Financial manipulation is a key component of this strategy. CCP-linked actors often use opaque payment systems—such as WeChat Pay, UnionPay or cryptocurrency—to move money outside traditional compliance structures. These platforms facilitate the unchecked flow of funds into Canadian sectors like real estate, academia and infrastructure, many of which are tied to national security and economic competitiveness.

Layered into this is China’s corporate-social credit system. While framed as a financial scoring tool, it also functions as a mechanism of political control, compelling Chinese firms and individuals—even abroad—to align with party objectives. In this context, there is no such thing as a genuinely independent Chinese company.
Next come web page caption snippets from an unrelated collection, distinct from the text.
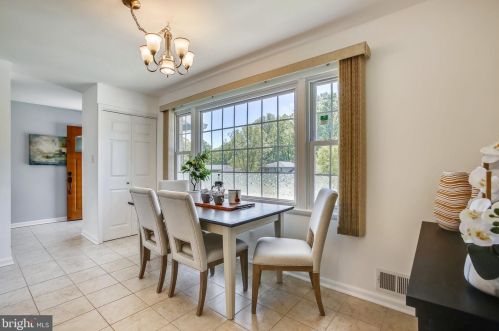 2232 Candlewood Dr, Alexandria VA 22308-1507 exterior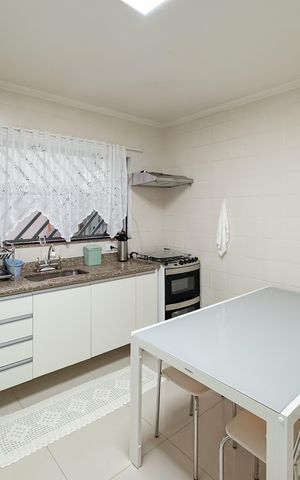 Casa à venda com 100m², 3 quartos e 2 vagas Casa à venda com 100m², 3 quartos e 2 vagasCozinha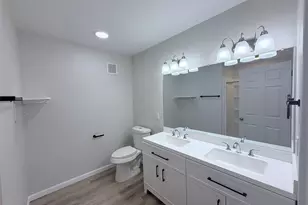 403 Taylor St, Smithville, TX 78957 - Photo 12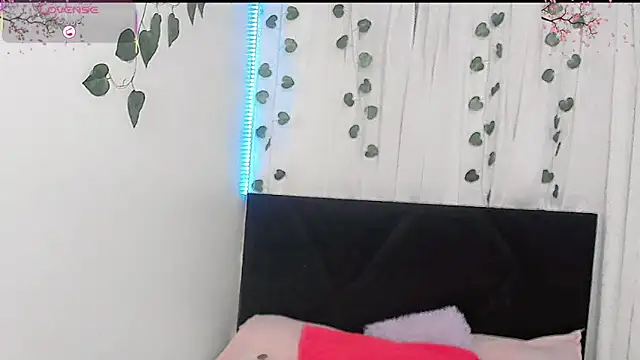 Irina milkmaid online show from April 2026 07:20:02 PM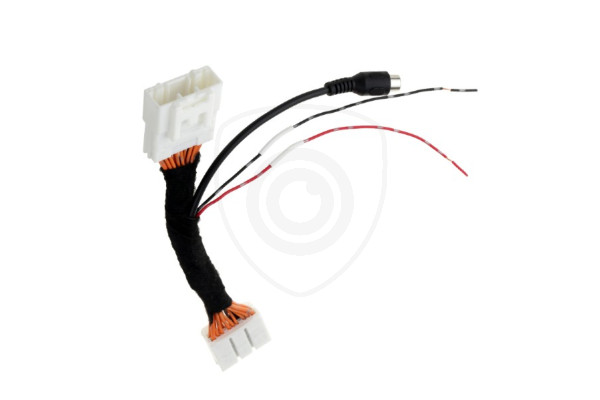 Adaptér k cúvacej kamere pre Mazda 3 Hatchback 2013 - 2018 Adaptér k cúvacej kamere pre Mazda 3 Hatchback 2013 - 2018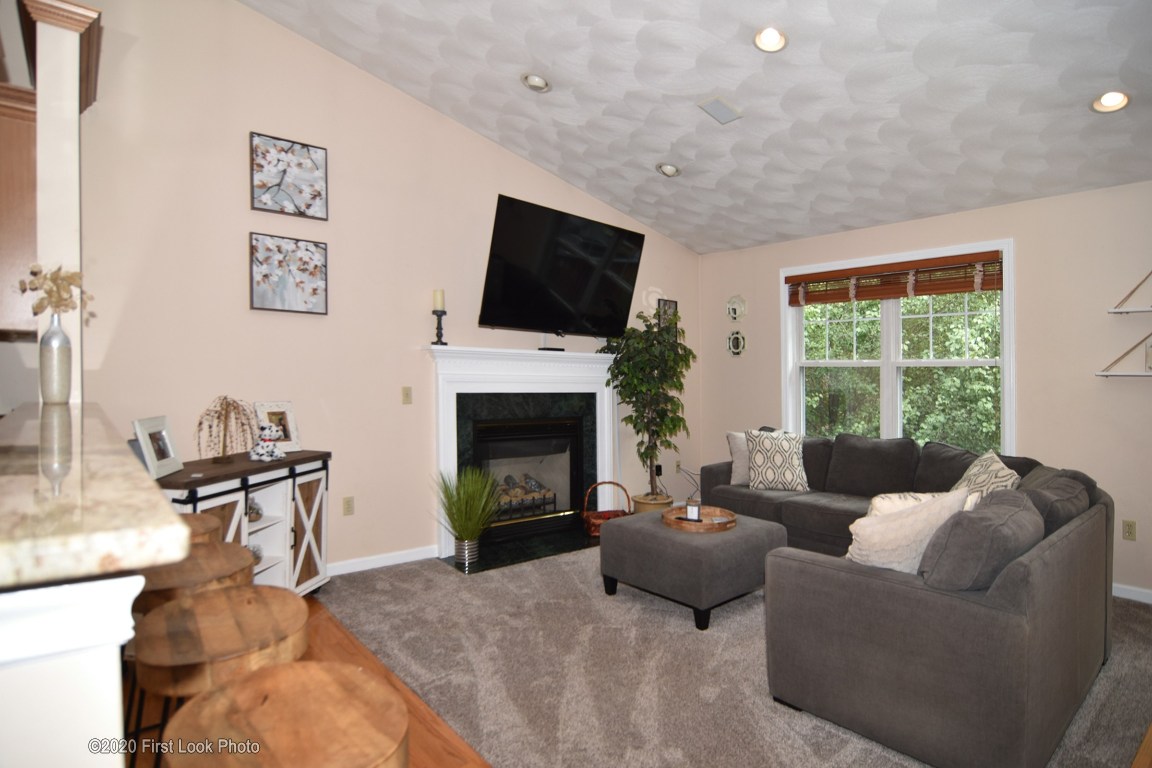 350 Franklin Road Coventry, RI 02816 - Photo 3 of 40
Complementing these structural tools is guanxi—a Chinese system of interpersonal networks and mutual obligations. Though rooted in trust, guanxi can be repurposed to quietly influence decision-makers, bypass oversight and secure insider deals. In the wrong hands, it becomes an informal channel of foreign control.

Meanwhile, Canada continues to face escalating cyberattacks linked to the Chinese state. These operations have targeted government agencies and private firms, stealing sensitive data, compromising infrastructure and undermining public confidence. These are not isolated intrusions—they are part of a broader effort to weaken Canada’s digital, economic and democratic institutions.
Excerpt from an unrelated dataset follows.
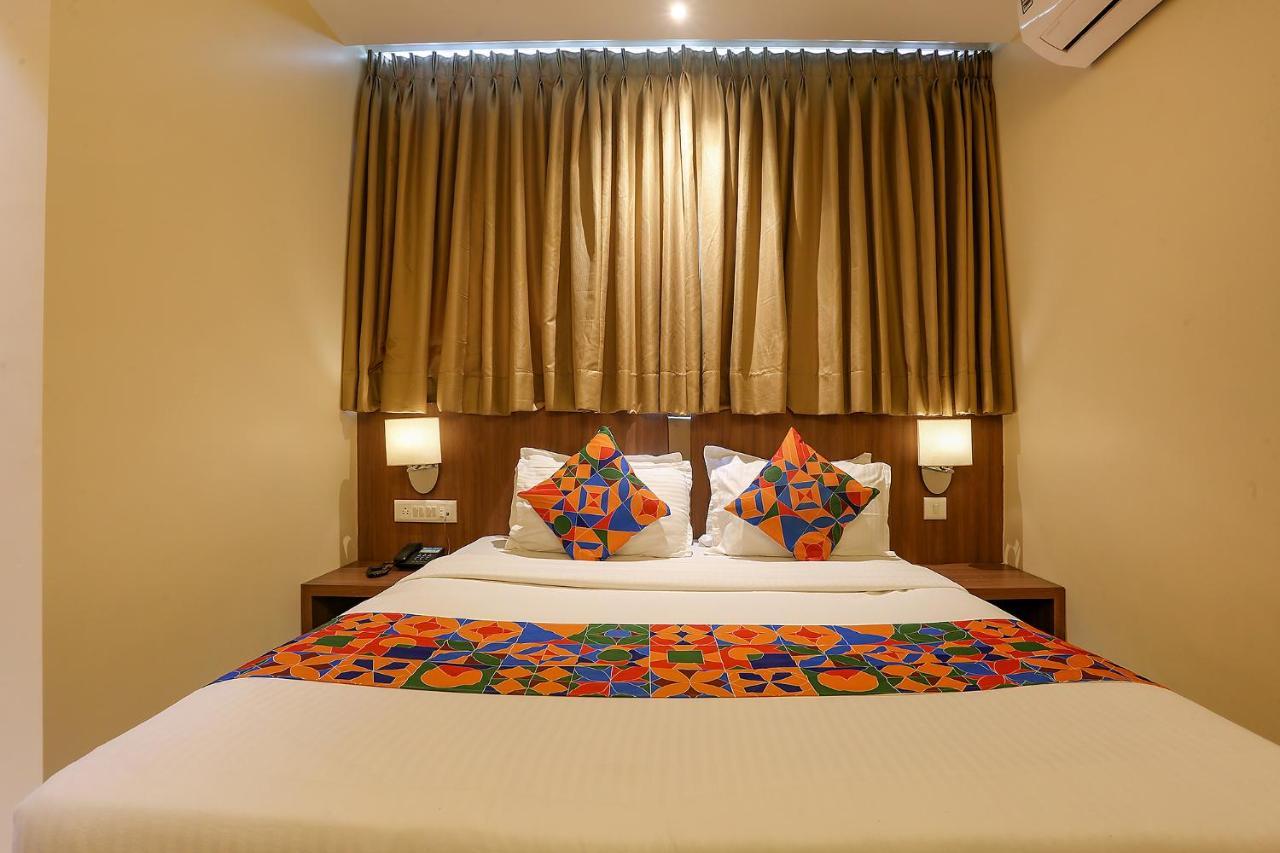 Fabhotel Royal International Mumbai Exterior photo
The TD Bank decision should be seen as a bellwether. Financial institutions are increasingly on the front lines of this undeclared conflict. Their actions raise an urgent question: if private-sector actors recognize the risk, why hasn’t the federal government acted more decisively?

The issue of Chinese interference has made headlines in recent years, from allegations of election meddling to intimidation of diaspora communities. TD’s decision adds a new financial layer to this growing concern.

Canada cannot afford to respond with fragmented, reactive policies. What’s needed is a whole-of-society response: new legislation to address foreign interference, strengthened compliance frameworks in finance and technology, and a clear-eyed recognition that hybrid warfare is already being waged on Canadian soil.

The CCP’s strategy is long-term, multidimensional and calculated. It blends political leverage, economic subversion, transnational organized crime and cyber operations. Canada must respond with equal sophistication, coordination and resolve.

The mosaic of influence isn’t forming. It’s already here. Recognizing the full picture is no longer optional. Canadians must demand transparency, accountability and action before more of our institutions fall under foreign control.

Scott McGregor is a defence and intelligence veteran, co-author of The Mosaic Effect: How the Chinese Communist Party Started a Hybrid War in America’s Backyard, and the managing partner of Close Hold Intelligence Consulting Ltd. He is a senior security adviser to the Council on Countering Hybrid Warfare and a former intelligence adviser to the RCMP and the B.C. Attorney General. He writes for the Frontier Centre for Public Policy.